Work instructions:
Your copy should match the listing below word for word, with no images in it.

Information provided:
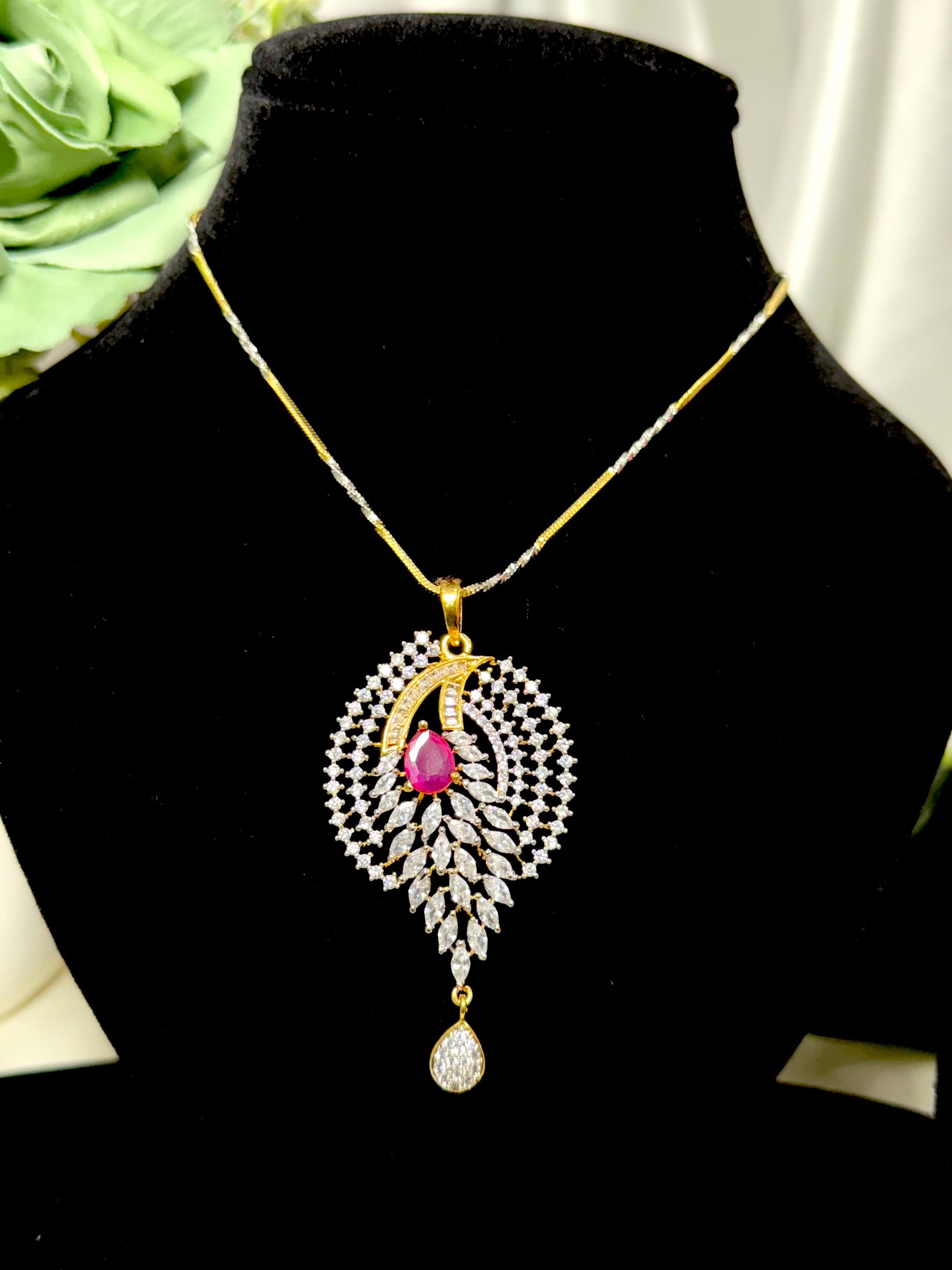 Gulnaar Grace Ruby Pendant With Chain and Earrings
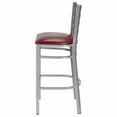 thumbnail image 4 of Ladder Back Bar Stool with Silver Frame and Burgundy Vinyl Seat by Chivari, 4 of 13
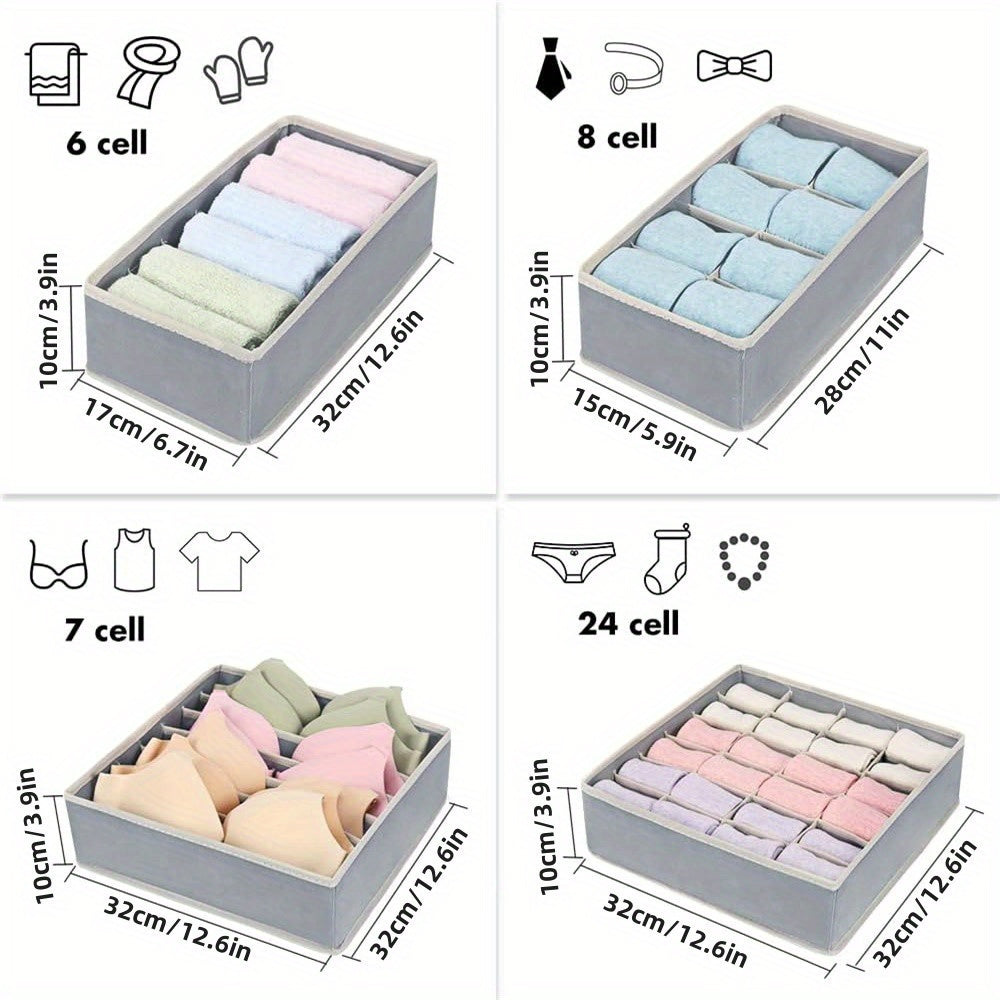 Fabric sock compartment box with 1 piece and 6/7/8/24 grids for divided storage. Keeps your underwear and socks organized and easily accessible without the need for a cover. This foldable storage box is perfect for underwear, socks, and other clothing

Finished task:
 Gulnaar Grace Ruby Pendant With Chain and Earrings
 thumbnail image 4 of Ladder Back Bar Stool with Silver Frame and Burgundy Vinyl Seat by Chivari, 4 of 13
 Fabric sock compartment box with 1 piece and 6/7/8/24 grids for divided storage. Keeps your underwear and socks organized and easily accessible without the need for a cover. This foldable storage box is perfect for underwear, socks, and other clothing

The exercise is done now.